Une vie sans amour, sans goût, sans joie, sans amis, sans personne vers qui me tourner quand le monde s'acharne sur moi. Je suis seul. Je n'ai jamais été aussi seul. Il y a quelques années je ne l'étais pas mais aujourd'hui, c'est différent. Aujourd'hui, tout a changé. Tout est de ma faute.

Pourquoi ?

Ce n'est pas ta faute, m'a dit une fois ma mère. Pourtant, je n'arrivais pas à la croire.

J'ouvre - silencieusement, bien entendu - mon armoire afin de trouver une tenue à peu près convenable pour pouvoir participer à la soirée d'une fille populaire du lycée, Klarisse.

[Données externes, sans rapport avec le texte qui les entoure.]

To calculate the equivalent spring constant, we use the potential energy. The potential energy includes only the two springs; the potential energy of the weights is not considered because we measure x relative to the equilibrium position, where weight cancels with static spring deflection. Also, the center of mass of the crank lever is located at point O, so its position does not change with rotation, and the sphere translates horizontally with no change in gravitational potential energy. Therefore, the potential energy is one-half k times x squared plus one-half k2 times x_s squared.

On peut dire que je n'ai pas vraiment le choix. Les vêtements qui m'appartiennent peuvent se compter sur les doigts des mains. Je n'ai pas non plus de tenues très diversifiées. J'opte pour mon t-shirt noir et mon pantalon cargo noir habituels. Et, pour rester dans la discrétion, je vais mettre mes Air Force 1 toutes noires. Je déteste me sociabiliser. Si j'y vais, c'est seulement pour m'échapper de chez moi. Moins je passerais du temps à la maison, mieux je me porterais. 

Finalement, je suis satisfait de ma tenue, c'est le meilleur moyen pour passer inaperçu. Je vais pouvoir m'entraîner un peu à danser sans que personne ne me remarque. Quand je trouverais le moyen de sortir de chez moi et d'arriver là-bas, ils seront déjà tous défoncés par la drogue et soûls. Personne ne se souviendra de moi. Personne ne me remarquera.

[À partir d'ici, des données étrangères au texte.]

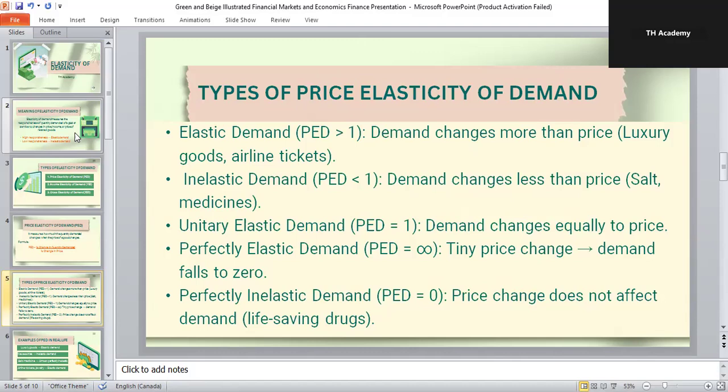Fourth, perfectly elastic demand, where PED equals infinity — even a tiny increase in price makes demand fall to zero. This happens mostly in a perfectly competitive market. Fifth, perfectly inelastic demand, where PED equals zero — demand does not change at all, no matter what happens to price. An example is life-saving drugs like insulin. These five types are very important because they show different consumer reactions to price changes.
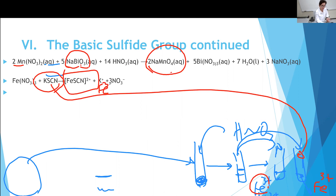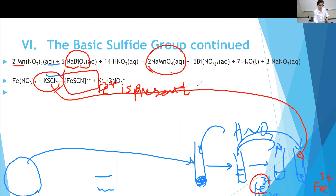In summary, Fe³⁺ is confirmed by the bloody red color with potassium thiocyanate. The overall procedure involves selectively precipitating, selectively dissolving, and when all are dissolved, separating into different aliquots and identifying each ion using specific reagents. That covers the sulfide group with the three ions we are identifying.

Alors que je finissais de mettre mes chaussures pour partir discrètement, j'entendis ses pas dans les escaliers. Le bruit est puissant et lourd, les pas sont lents mais déterminés. Aucune échappatoire, pensai-je. Le silence dans cette maison est terrifiant. Seul le bruit de ses pas résonne. Il crie mon prénom et je perçois dans sa voix qu'il a bu. Habituel. Combien de bouteilles cette fois-ci ? Visiblement pas assez pour qu'il s'endorme dans le canapé. Pas assez non plus pour qu'il m'oublie. Pas assez pour me laisser le temps de disparaître.